Eric: (laughing) Well you know, I like that style of what they do as well, but I'm a music orientated person, so I can't help but to have it mixed in.
Murf: Is there any significance to the title of your latest CD "That's What I Am"?
Eric: Oh yeah......the music...the whole record...that's what I am...you know, that's what I am. That's me....that's EG you know.
Murf: Do you have any comments on any of the songs, how they came about or anything?
Eric: uh.....not really man, I just sit back and let it roll. That's pretty much how the songs come about. If I think about it too hard, I'm getting in the way.
Murf: Some of the songs on "That's What I Am" have been floating around as demos for quite a few years. Were most of the songs worked out in the studio or tweaked during live shows or what?
Eric: Yeah, pretty much, yeah....that was a good question, a damn good question. Some of them were...like "Blue Misty Morning" and "Hand Writing On The Wall" and "Black Day" and "That's What I Am" have been around for years. "Can't go On" and all that was mixed and "So Good If You Could" were brought about from mere vibe you know.
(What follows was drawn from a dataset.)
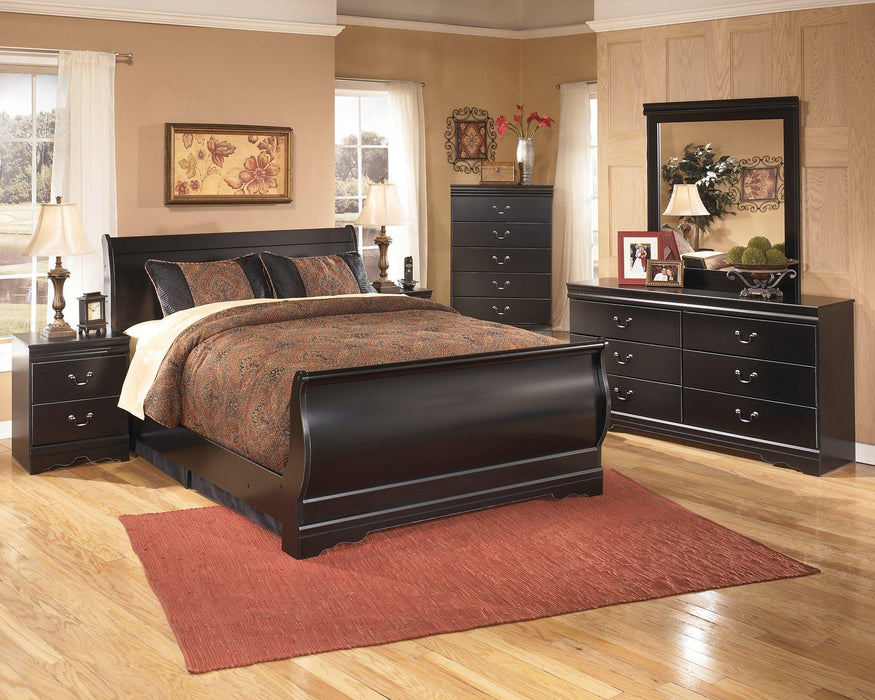 Huey Vineyard Dresser and Mirror - Atchison Furniture Company (Atchison, KS)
Murf: So they came up in the studio?
Eric: Well I had a pre-production time where I got together and wrote songs as well for this record. I wanted to have more songs...than few....to pick from....for this record you know. The songs that didn't get picked (laughing) will wait for the next record. Wow man....the crime is like that....you know...I much rather it be that way as opposed to there being an immediate drop out, you know what I'm saying. I could have had a big hit or whatever, and then it would have been hard to continue....and it really wouldn't have been...cause I got in my mind......that I can come out with songs like that....songs like that with no problem. It ain't the best spot to be in but I know where it's going and where it's going to wind up.
Murf: Do you have any particular way of writing songs? Do you work in a disciplined manner or do they just come to you. Do you work from riffs or a combination of these methods?
Eric: A combination of them all man...you know. I might have a melody or something, I'll have a melody in my head, but a riff will come to me man, I'll just be doing my thing and a riff will come out and I'll go "God.....where did that come from?". I try to have me one of those....rehearsals, studio or anything...I have a bloops and blunders tape that I have going at all times because in-between tracking and in-between a song will come out. Bam...Got it on tape!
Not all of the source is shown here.